Obviously the film will retell the story for a new generation and serve as a primer for non-Francophone viewers who eventually will see it with subtitles (I hope). It takes the viewer through the stages of the strike and takeover, and provides many insights into the price the leaders eventually paid for their devotion to their fellow workers. It does not heroize the strikers naively, but develops the complexity of the strike process and the multiple forces that were at work. An appreciation of this complexity makes both the great achievement of the workers and their final defeat all the more tragic. Rouaud's narrative does a good job of clarifying tensions between the strikers and the CGT (the primary union involved) on the one hand, and the Gaullist government on the other. That's already a lot for the documentary to do, so the extra attention paid to gender issues, and the "personal" responses of the leaders are all added features.
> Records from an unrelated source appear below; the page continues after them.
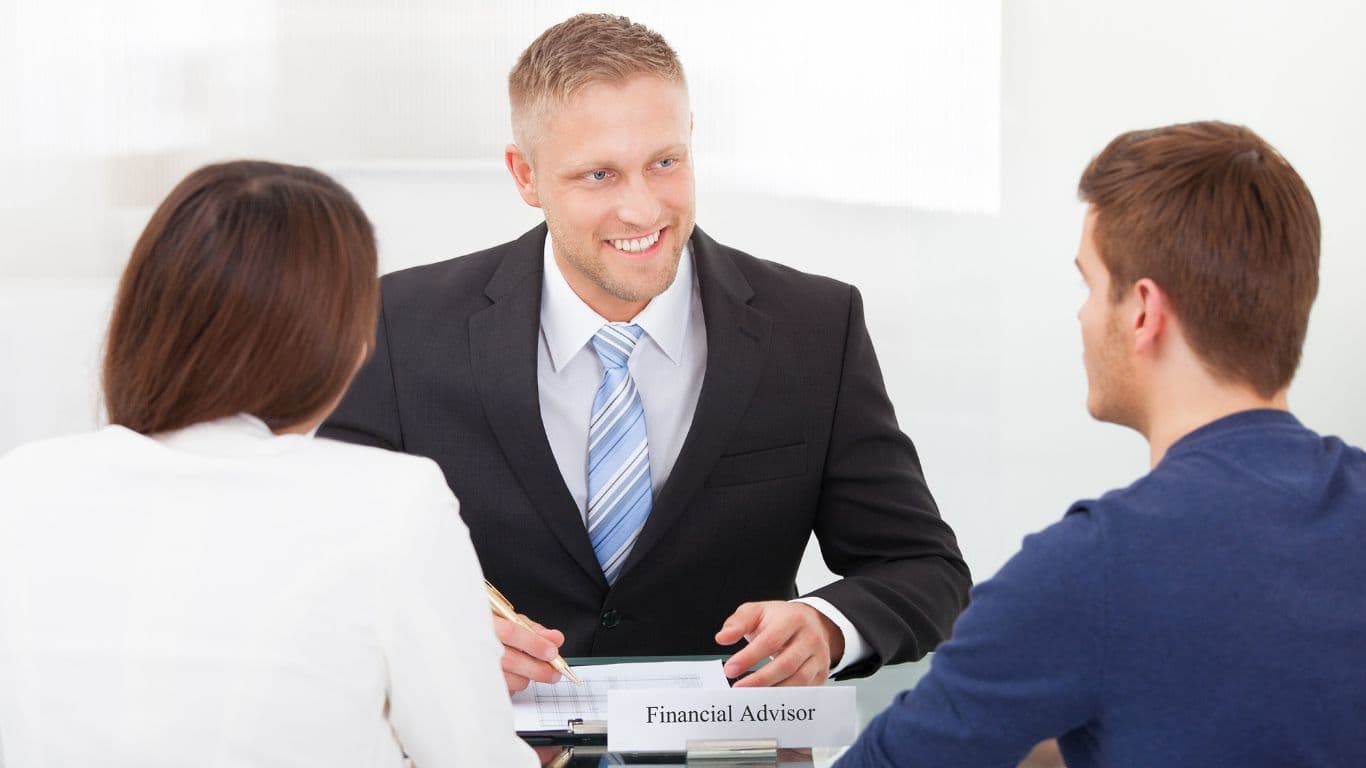 A financial advisor meets with a couple in his office, seated across from him at a desk cluttered with various documents. The advisor smiles warmly at the man while jotting down notes, creating an engaging and friendly atmosphere.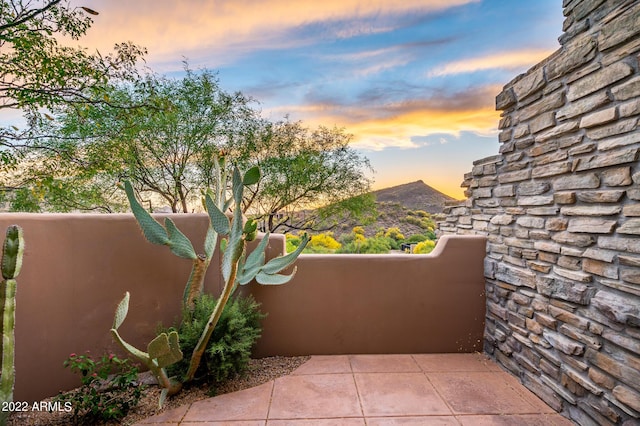 view of patio terrace at dusk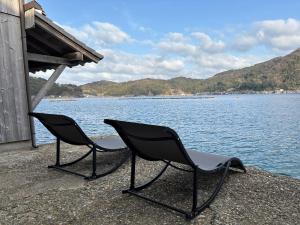 two chairs sitting next to a body of water at 伊根の舟屋 樹 Funaya Inn Tatsuki , Ine in Kameshima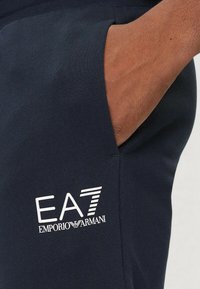 Marina blå träningsbyxor i mjukt tyg, med en sidficka och vitt EA7 Emporio Armani-logotyp tryckt på låret.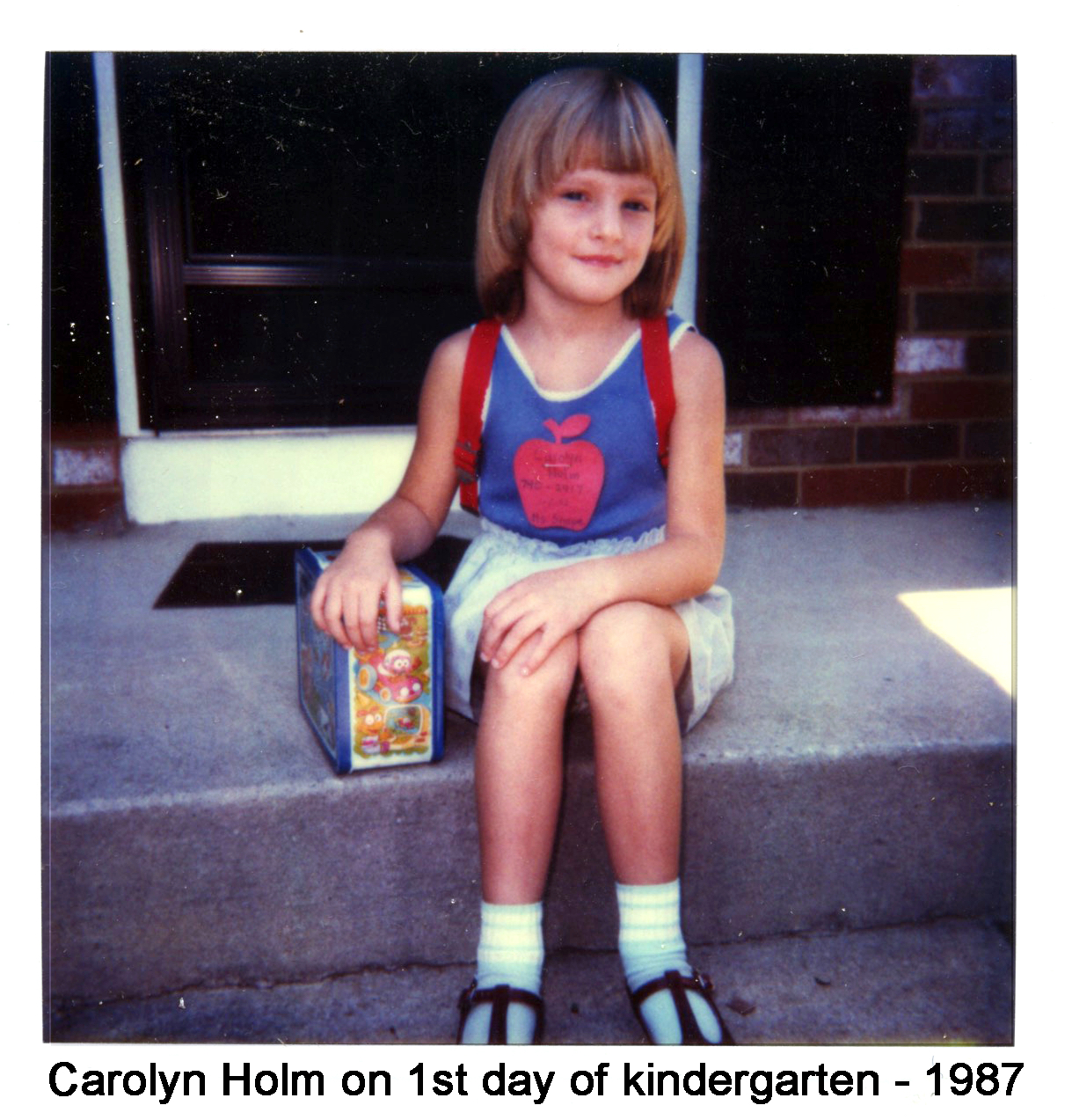 Carolyn Holm sitting on our front porch before leaving for kindergarten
The amazing anecdotes about how the strikers hid the factory's money and materiels are very entertaining.
The footage consists primarily of very moving interviews with strike leaders and organizers (Piaget, Raguenes, Vittot, Jeanningros and other men; Demougeot, Pierre-Emile, Darteville for the women), the Gaullist minister Charbonnel, and Neuschwander, the manager brought in by the government to follow the overt violence of the police with a more subtle managerial violence designed to divide and break the workers.
Overall, this is an important film for anyone interested in labor issues and post-1968 radical culture. Although the film's organization is very well-done, elegant even, I still wish Rouaud had taken the narrative all the way to the final denouement of the worker takeover.
Please bring this out on a DVD with subtitles in other languages.
As the leaders keep insisting, things can be different!